Garage: um clássico contemporâneo
Música e outras coisas

Garage: um clássico contemporâneo





Uma década após seu lançamento, Garage, álbum-síntese do power trio escandinavo The Thing, volta às prateleiras. Agora em versão vinil (originalmente foi lançado em CD em 2004, pelo extinto selo Smalltown Superjazz), Garage é um dos discos mais intensos editados neste século e item obrigatório para quem se interessa por free music.

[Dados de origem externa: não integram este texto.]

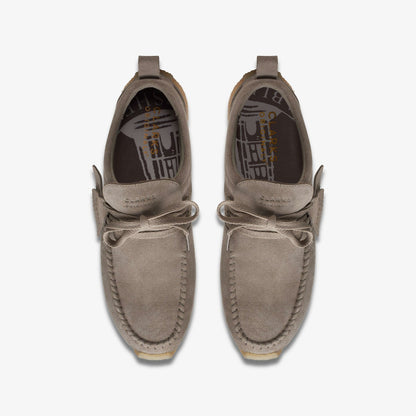Clarks Men Maycliffe Grey Suede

Garage é o terceiro título do trio formado por Mats Gustafsson (saxes), Ingebrigt Haker Flaten (baixo) e Paal Nilssen-Love (bateria). O grupo estreou em 2000, com o disco “The Thing” – título extraído de um tema do cornetista e pioneiro do free jazz Don Cherry. Para esta nova edição de Garage, o material foi remixado e masterizado, sendo que a sonoridade se tornou um pouco diferente, como pode ser notado especialmente na faixa que abre o conjunto, “Art Star”. Gravado de forma analógica nos dias 3 e 4 de janeiro de 2004, o álbum traz de fato um ar garageiro, cru, que intensifica as revisitações aos universos rock e free jazzístico. Garage é composto por sete temas, sendo três versões para composições vindas do rock (“Art Star”, “Aluminum” e “Have Love Will Travel”), duas releituras da seara do free jazz (“Haunted” e “Eine Kleine Marschmusik”) e duas criações próprias (“Hey Flask” e “Garage”). Esse mix (rock, free jazz, improvisação) se tornaria uma das características marcantes do trio.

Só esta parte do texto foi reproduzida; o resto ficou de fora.